We define a new `DataFrame` with two groups. Only the first and third rows are in the same group

In [None]:
df_mult = pl.DataFrame(
    {
        "id1":["a","b","a","b"],
        "id2":["x","x","x","y"],
        "value":[0,1,2,3]
    }
)

We now get the maximum value by group

In [None]:
(
    df_mult
    .with_columns(
        group_max = pl.col("value").max().over("id1","id2")
    )
)

## Filling missing values by group

We can use `over` to fill missing values by group.

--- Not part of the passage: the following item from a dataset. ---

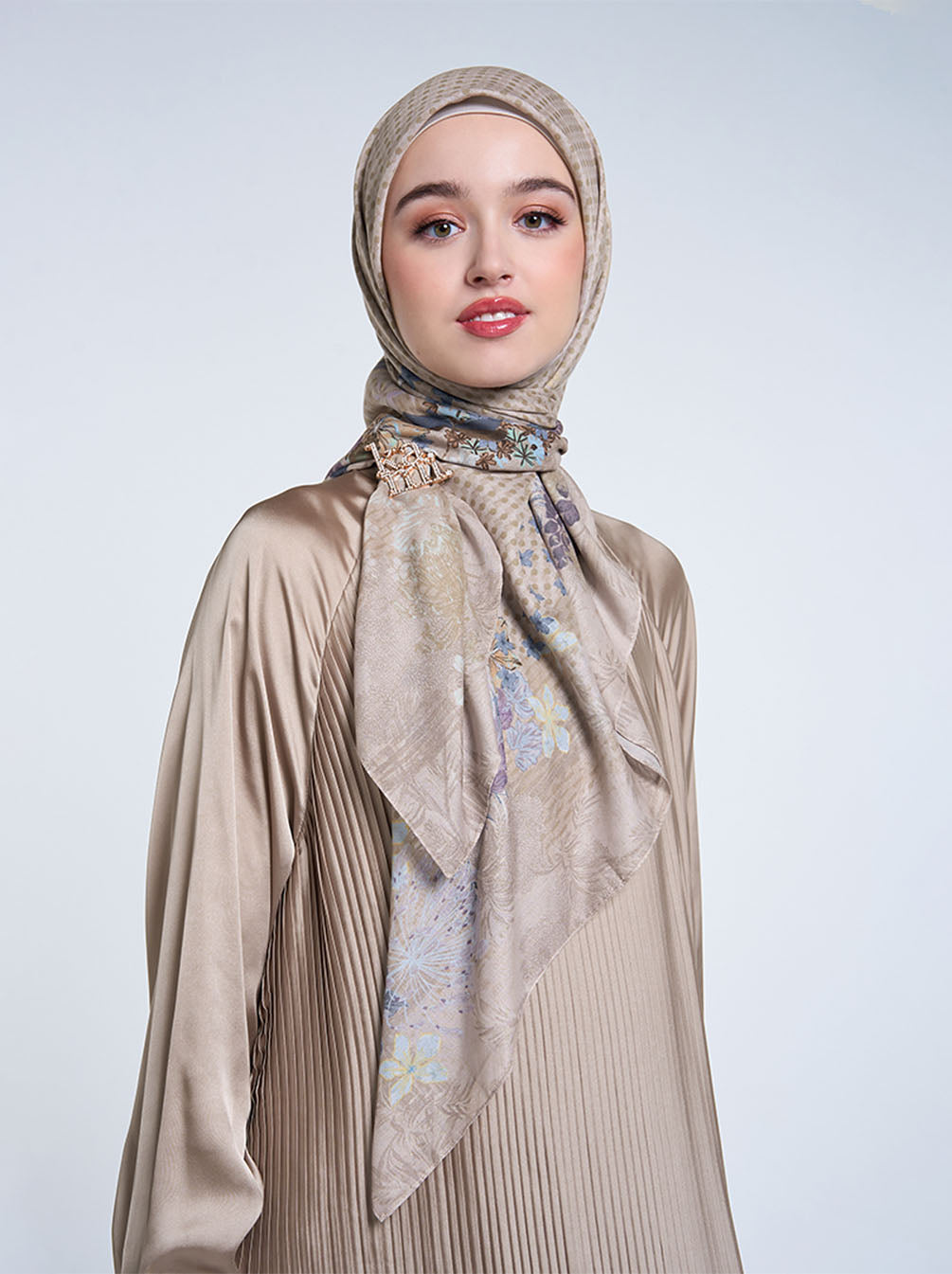 CEDARRA SIGNATURE SCARF CAMEL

Here we have a `DataFrame` where the second value in group `a` is missing

In [None]:
df_missing = pl.DataFrame(
    {
        "id":["a","b","a","b"],
        "value":[0,1,None,3]
    }
)

We can fill forward from the previous value in group `a` by calling `fill_null.over`

In [None]:
(
    df_missing
    .with_columns(
        filled_value = pl.col("value").fill_null(strategy="forward").over("id")
    )
)

## Exercises
In the exercises you will develop your understanding of:
- doing arithmetic by group
- filling nulls by group
- doing multiple window expressions in a single `with_columns` statement

### Exercise 1
We want to calculate the *z-score* of the `Age` column normalised by passenger class.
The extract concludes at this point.